In this way the process continues...

### Implementation

```
#include <bits/stdc++.h>
using namespace std;
//check if the character counts are the equal or not
bool isEqual(int charCount1[],int charCount2[])
{
for(int i=0;i<26;i++)//iterate through 26 characters
{
//even if one character count is not
//equal then the strings can't be anagrams
if(charCount1[i]!=charCount2[i])
{
return false;//in such case return false
}
}
//if the character counts are equal then return true
return true;
}
int main()
{
string s1="cbdcbcacbdbcac",s2="abcc";
//the res vector stores the starting indices
//of substrings of s1 that are anagrams of s2
vector<int> res;
//store the character counts in arrays
//for 'a' index is 0,'b' index is 1,'c' index is 2,...,'z' index is 25
int charCount1[26],charCount2[26];
//intially fill the character counts with zeros
//the charCount1 array will be filled with zeros only once and the character counts
//of each substring is calculated in constant time through some modification
memset(charCount1,0,sizeof(charCount1));
memset(charCount2,0,sizeof(charCount2));
//iterate through s2 and store the character count
for(auto x:s2)
{
//x is a character of s2
//subtracting with 'a' gives the index
charCount2[x-'a']++;
}
int n=s1.size(),k=s2.size(),i;
//iterate through first 'k' characters of string s1
i=0;
for(;i<k;i++)
{
charCount1[s1[i]-'a']++;
}
//if the substring starting with index '0' and is of length 'k'
//then add that index to the result
if(isEqual(charCount1,charCount2))
res.push_back(0);
//iterate through the remaining characters of string s1
for(;i<n;i++)
{
//substring to consider is from index 'i-k+1' to 'i' which will be of length 'k'
//decrement the character count of the character at index 'i-k' as
//the character at that index will not be included for the substring considered
charCount1[s1[i-k]-'a']--;
//increment the character count of the character at index 'i' as
//the character will be the last for the substring considered
charCount1[s1[i]-'a']++;
//check if the character counts of substring ending with
//index 'i' of length 'k' and s2 are equal or not
if(isEqual(charCount1,charCount2))
{
//if character counts are equal the append the starting index of the substring to the result
//if the ending index of the substring of length 'k' is 'i' then starting index would be 'i-k+1'
res.push_back(i-k+1);
}
}
//display the starting indices of substrings of length
//'k' belonging to string s1 which are anagrams of s2
for(auto x:res)
{
cout<<x<<" ";
}
return 0;
}
```

```
3 4 5 10
```

Let's calculate the time complexity of this approach...

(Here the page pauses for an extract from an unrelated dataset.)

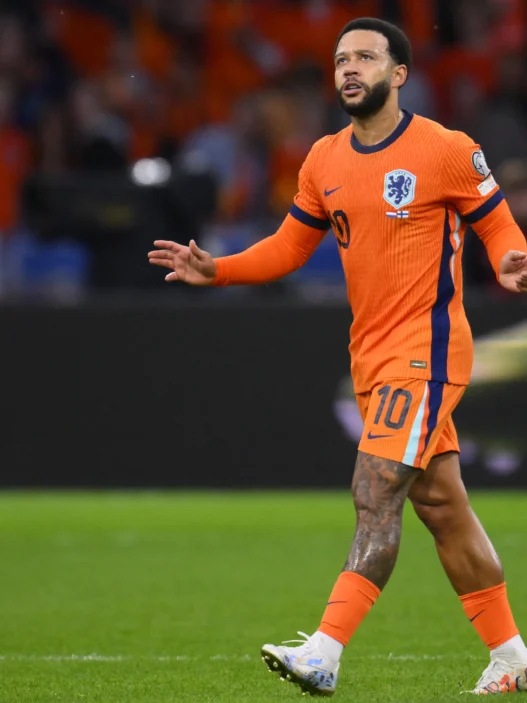 Memphis Depay é convocado pela Seleção Holandesa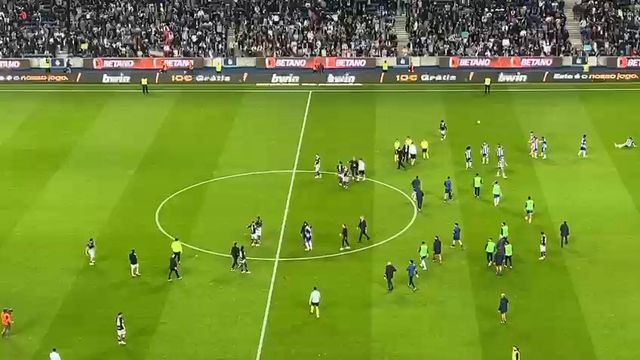 Taremi em lágrimas no relvado após marcar o último golo no Dragão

Iterate through string s1- **O(n)**

For each substring ending with index 'i' and is of length 'k' check if it can be an anagram of s2 i.e., iterate through 26 alphabets - **O(n*26)**, 26 is a constant and can be ignored.

Hence the overall time complexity is **O(n)**.

## 4)Conclusion

Hence, through the sliding window approach the time complexity is reduced from **O(n*k)** to **O(n)**.

With this article at OpenGenus, you must have the complete idea of how to Find all anagrams of a given string.